O Pacto Histórico, chapa pela qual Gustavo Petro e Francia Márquez concorrem à presidência e vice-presidência da Colômbia, representa uma das alianças mais amplas que disputam as eleições no país. Formalmente a coalizão é composta por seis organizações: Colômbia Humana, União Patriótica, Partido Comunista, Polo Democrático Alternativo, Aliança Democrática Ampla e Movimento Alternativo Indígena e Social, mas, na prática, outros setores de esquerda e até partidos de centro-direita apoiam a chapa. 

Com a maior bancada no Congresso e 40% da preferência no 1º turno das eleições presidenciais, o Pacto pode ser a primeira aliança progressista a assumir o governo da Colômbia – um país marcado por 57 anos de conflito armado e governos dos partidos Liberal, Conservador ou do campo do uribismo – corrente política liderada pelo ex-presidente Álvaro Uribe Vélez (2002 - 2010), fundador do partido governante, Centro Democrático, e considerado mentor do atual mandatário, Iván Duque.

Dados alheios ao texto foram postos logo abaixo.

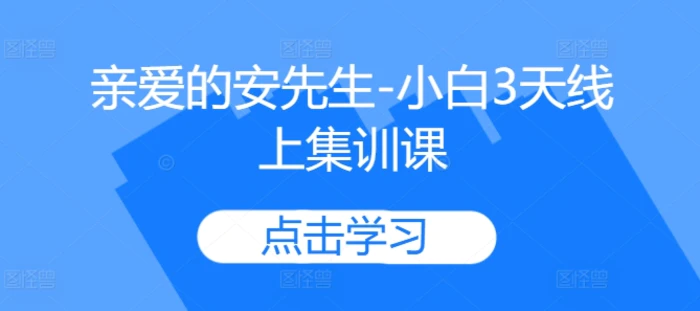 亲爱的安先生-小白3天线上集训课-副业网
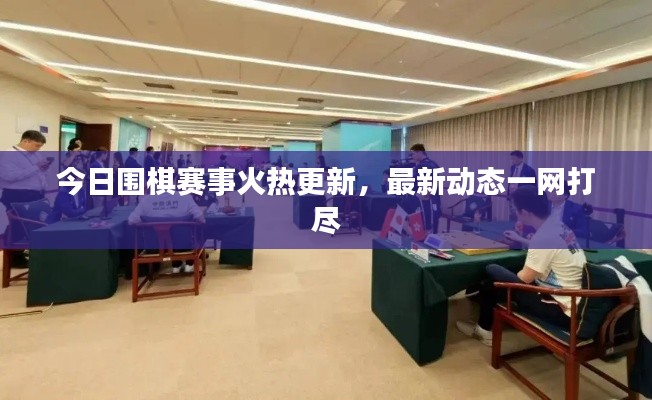 今日围棋赛事火热更新，最新动态一网打尽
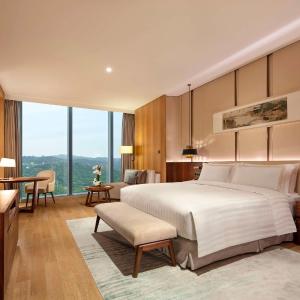 Premier King Room with City View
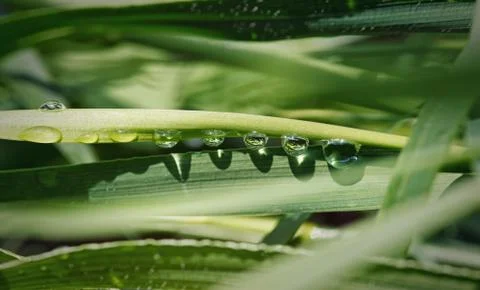 Droplets on grass Stock Photos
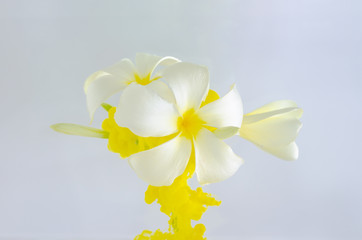 Frangipani or Plumeria flower with partial focus of dissolving yellow poster color in water for summer, abstract and background concept.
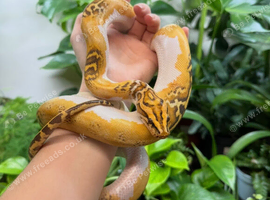 1.0 Caramel Pied Burmese Python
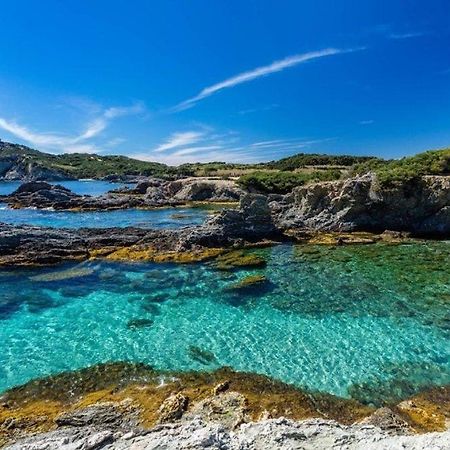 Vacances idéales limite Sanary sur mer !! logement partagé shared apartment Ollioules Esterno foto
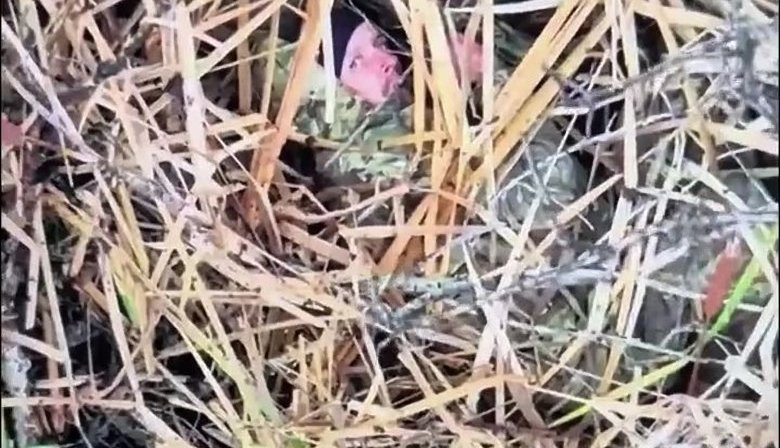 "Більше щоб сюди не приходив. І своїм, щоб передав": Сили оборони ліквідували рашиста дроном. ВIДЕО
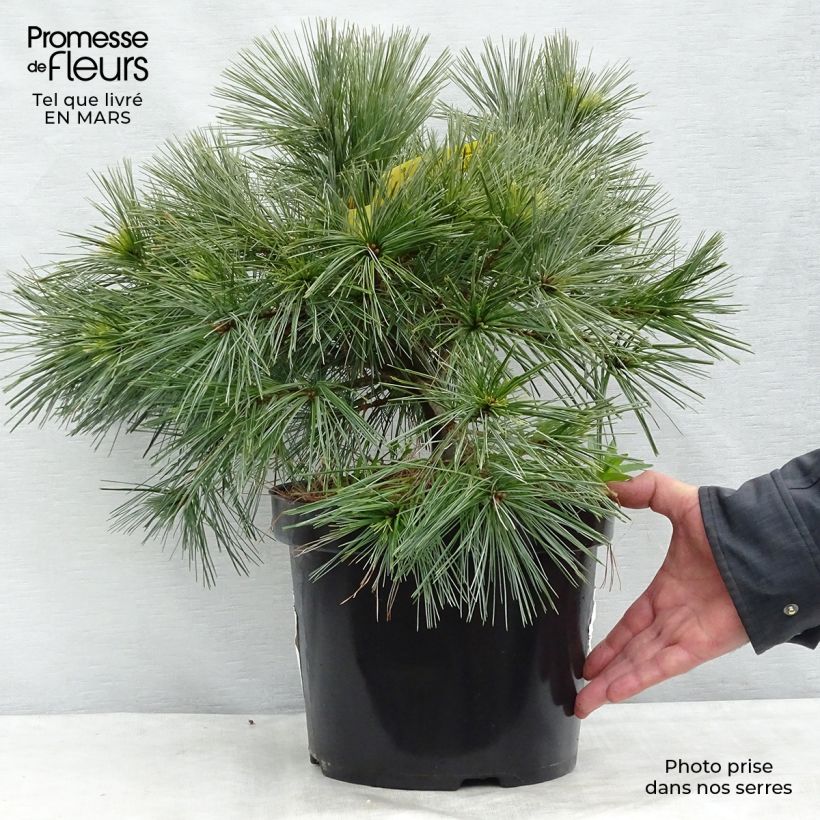 Example of Pinus strobus Minima - Pin de Weymouth Pot van 7,5 l/10 l as you get in hiver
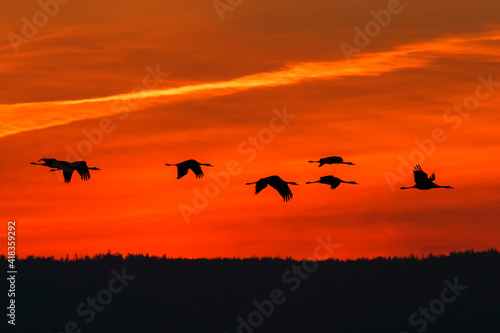 Beautiful sunrise with a flock of Cranes in the sky photo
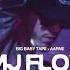 Big Baby Tape Aarne MJ Flow Official Music Video Dir By Toxi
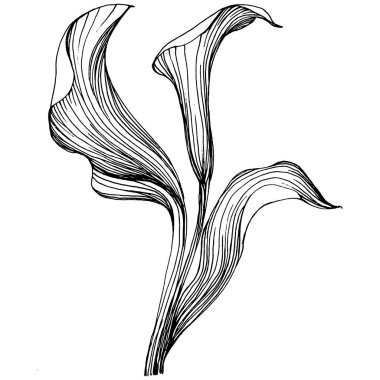 Elle çizilmiş tropik çiçek kallası. Lilium çiçek logosu ya da dövmesi sanat tarzında detaylı. Siyah beyaz klip sanatı izole edildi. Amblem için antika vintage gravür.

"Na Colômbia se erigiu um sistema político de elites que tomaram conta dos territórios e suas riquezas, por isso hoje ostentam um poder político, econômico e militar que não querem perder. Para eles é uma ameaça que o Pacto Histórico possa assumir o governo", afirma Jimmy Moreno, membro da direção nacional do Congreso de los Pueblos, movimento que apoia a candidatura, mas não faz parte da coalizão.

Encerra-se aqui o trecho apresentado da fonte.